__EXERCISE OBJECTIVE__
Reproduce the entries verbatim; no pictures.

__DATASET CONTENT__
%%

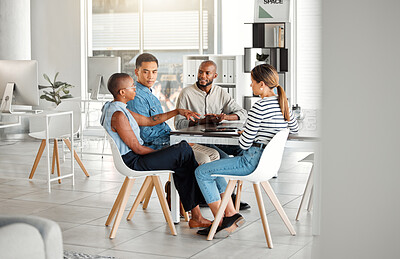 Buy stock photo Group of diverse businesspeople having a meeting in an office at work. Young african american businesswoman talking to her colleagues while sitting at a table. Businesspeople planning together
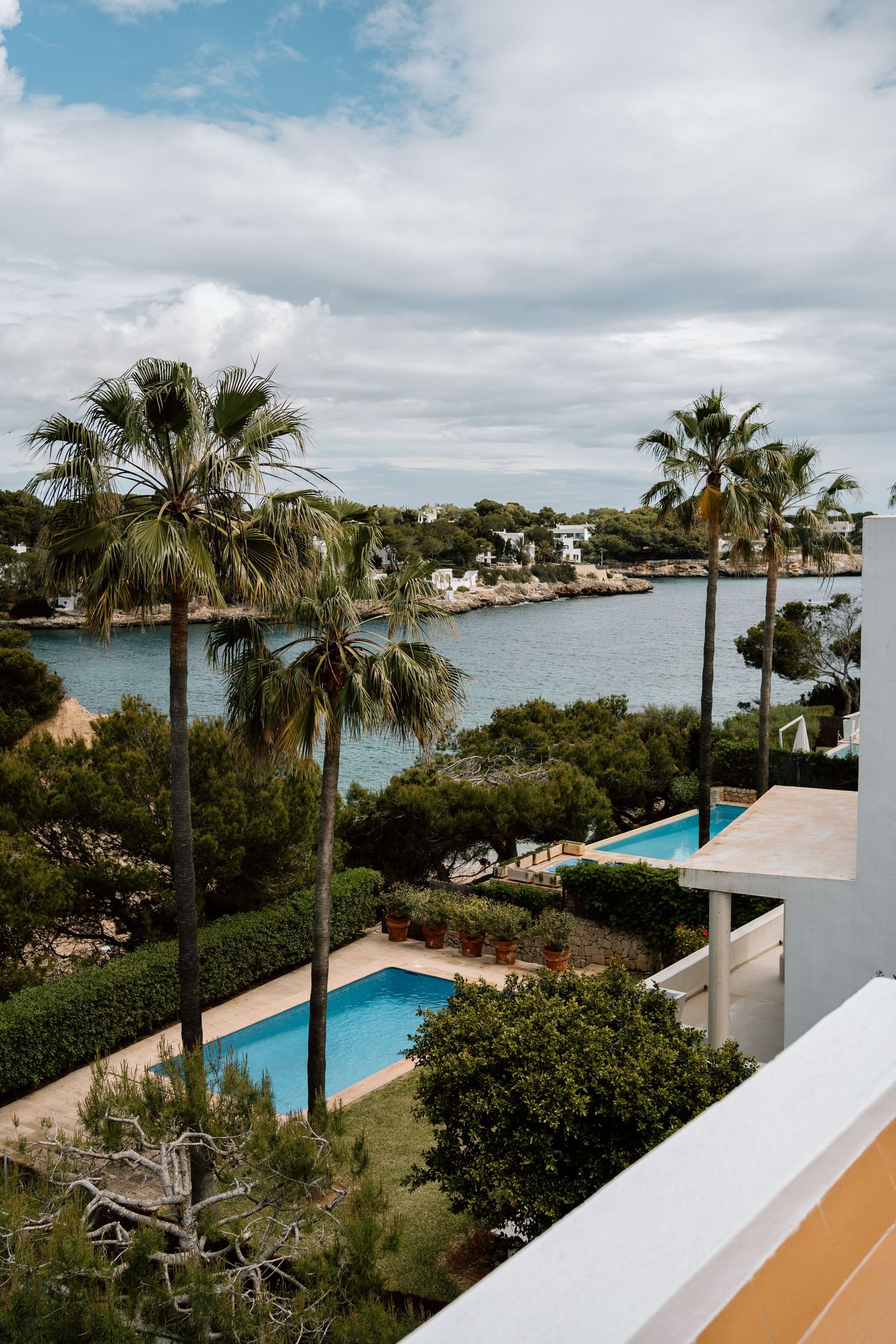 Seaside resort view with palm trees, swimming pool, and Mediterranean coastline.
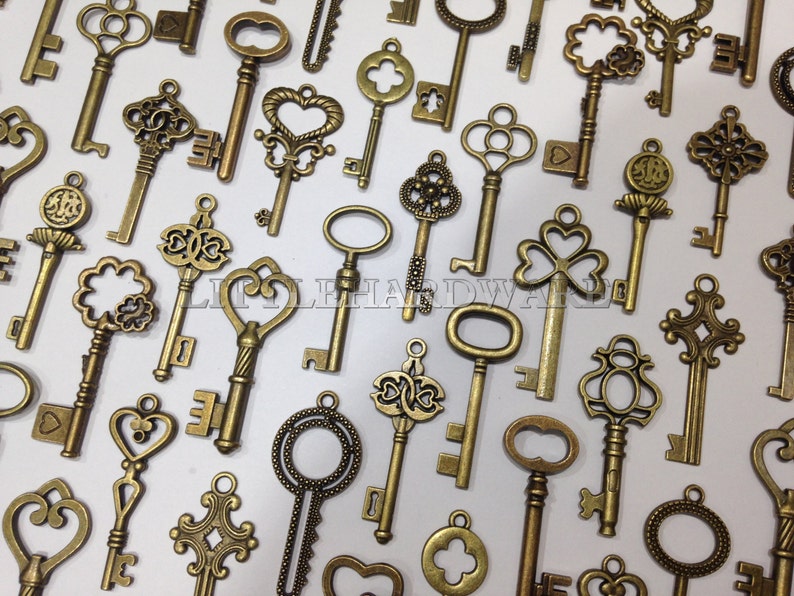 100pcs vintage crown keys, antique skeleton keys , pendant heart Wedding decorations,wedding favors, christmas tree decorations VK0055 image 1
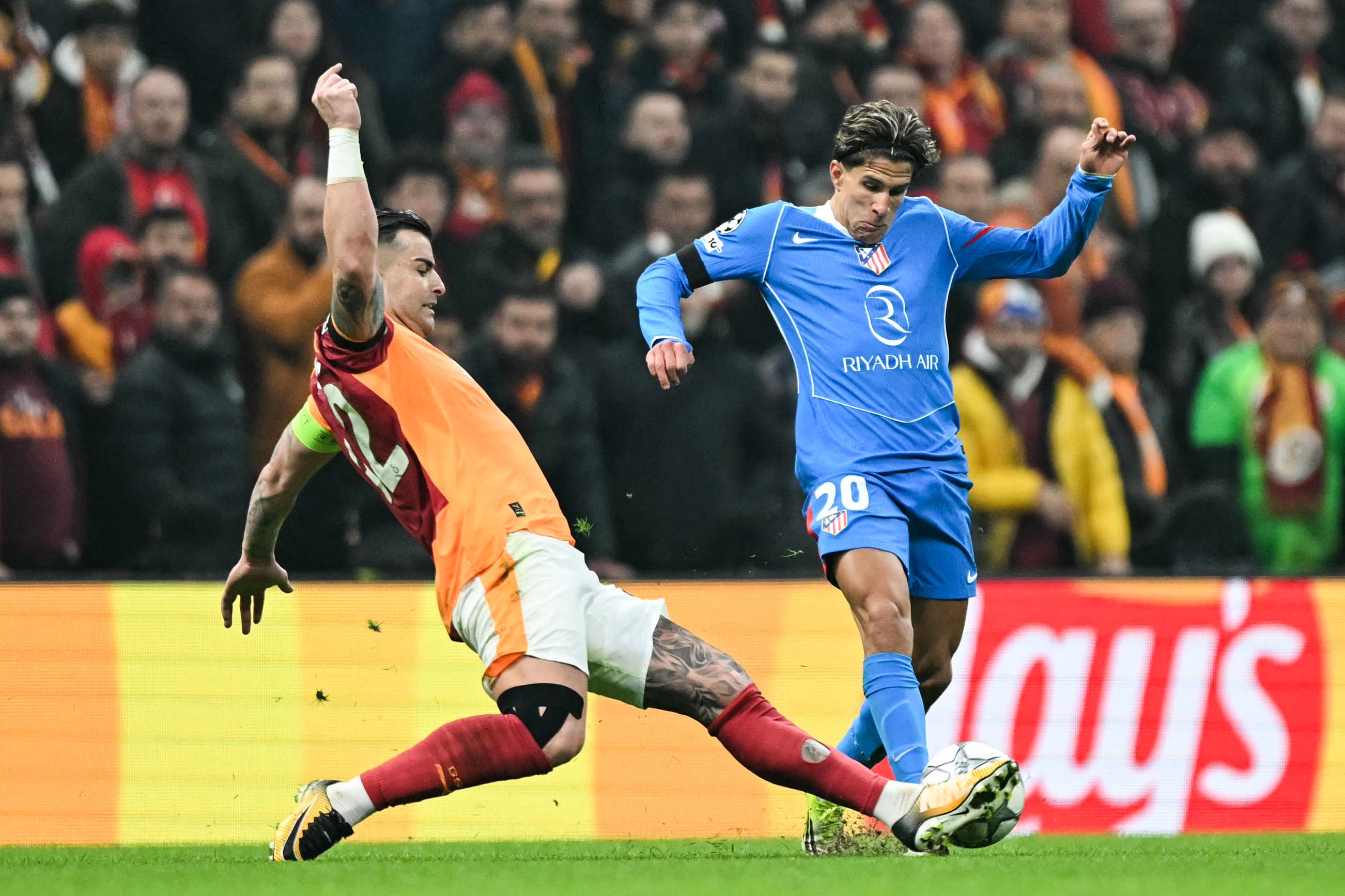 Galatasaray's Turkish defender #42 Abdulkerim Bardakci (L) fights for the ball with Atletico Madrid's Argentine forward #20 Giuliano Simeone during the UEFA Champions League, league phase day 7, football match between Galatasaray and Atletico Madrid at Rams Park in Istanbul, on January 21, 2026. (Photo by OZAN KOSE / AFP)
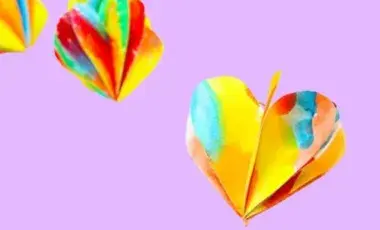 Multicolored 3D paper hearts on a pink background. 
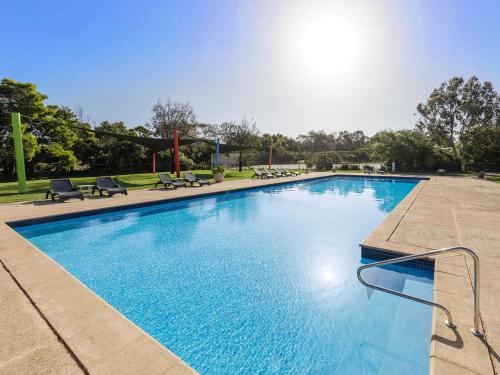 a large blue swimming pool with chairs in a park at Woodland Retreat - Phillip Island in Cowes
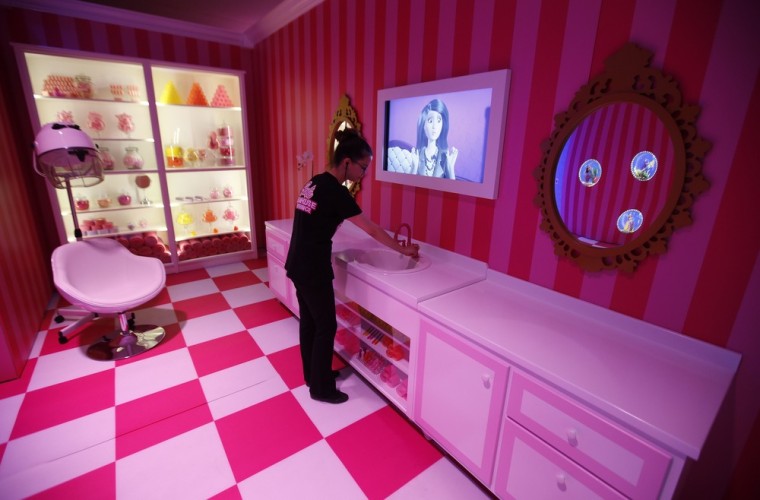 Visitors to the Barbie Dreamhouse in Berlin can try on her clothes.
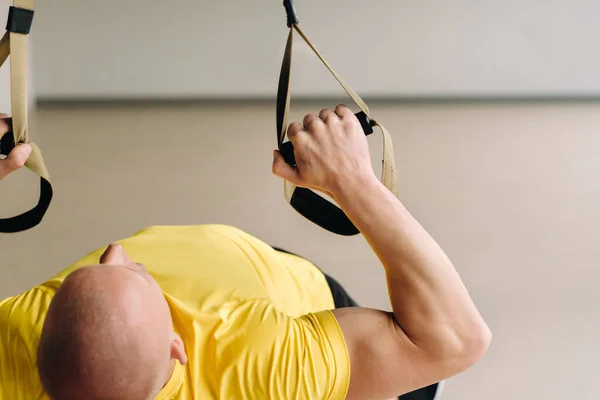 Ein Fokussierter Männlicher Athlet Bei Einer Übung Auf Funktionsschleifen Fitnessstudio lizenzfreie Stockfotos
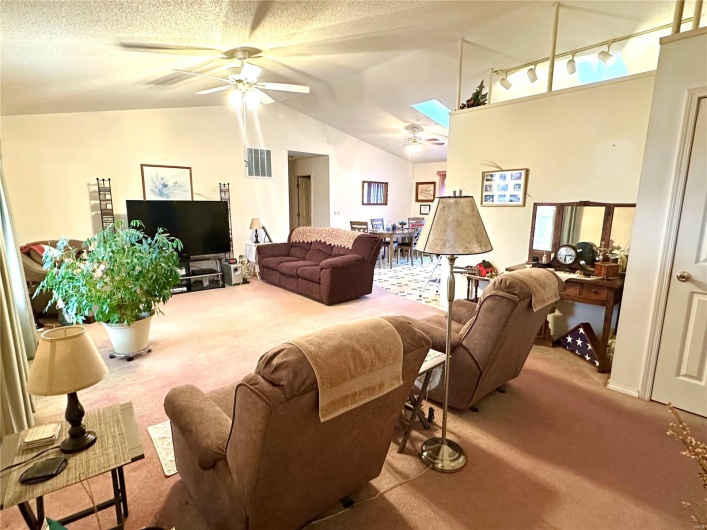 Carpeted living area featuring visible vents, a ceiling fan, lofted ceiling, a textured ceiling, and track lighting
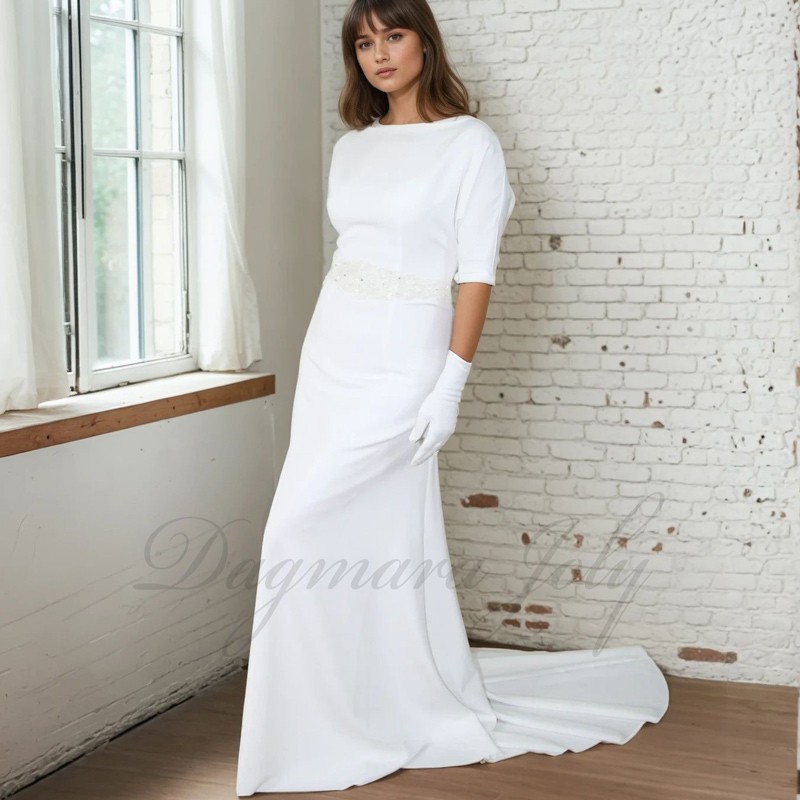 Front view of a floor-length wedding gown with dolman sleeves and a dramatic cathedral train extending gracefully behind Front view of a floor-length wedding gown with dolman sleeves and a dramatic cathedral train extending gracefully behind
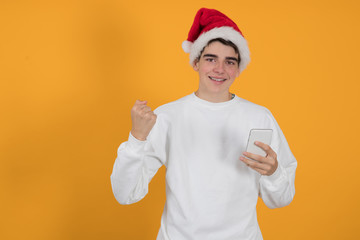 young teenage man with santa claus hat isolated on color background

%%

__EXERCISE RESPONSE__
 Buy stock photo Group of diverse businesspeople having a meeting in an office at work. Young african american businesswoman talking to her colleagues while sitting at a table. Businesspeople planning together
 Seaside resort view with palm trees, swimming pool, and Mediterranean coastline.
 100pcs vintage crown keys, antique skeleton keys , pendant heart Wedding decorations,wedding favors, christmas tree decorations VK0055 image 1
 Galatasaray's Turkish defender #42 Abdulkerim Bardakci (L) fights for the ball with Atletico Madrid's Argentine forward #20 Giuliano Simeone during the UEFA Champions League, league phase day 7, football match between Galatasaray and Atletico Madrid at Rams Park in Istanbul, on January 21, 2026. (Photo by OZAN KOSE / AFP)
 Multicolored 3D paper hearts on a pink background. 
 a large blue swimming pool with chairs in a park at Woodland Retreat - Phillip Island in Cowes
 Visitors to the Barbie Dreamhouse in Berlin can try on her clothes.
 Ein Fokussierter Männlicher Athlet Bei Einer Übung Auf Funktionsschleifen Fitnessstudio lizenzfreie Stockfotos
 Carpeted living area featuring visible vents, a ceiling fan, lofted ceiling, a textured ceiling, and track lighting
 Front view of a floor-length wedding gown with dolman sleeves and a dramatic cathedral train extending gracefully behind Front view of a floor-length wedding gown with dolman sleeves and a dramatic cathedral train extending gracefully behind
 young teenage man with santa claus hat isolated on color background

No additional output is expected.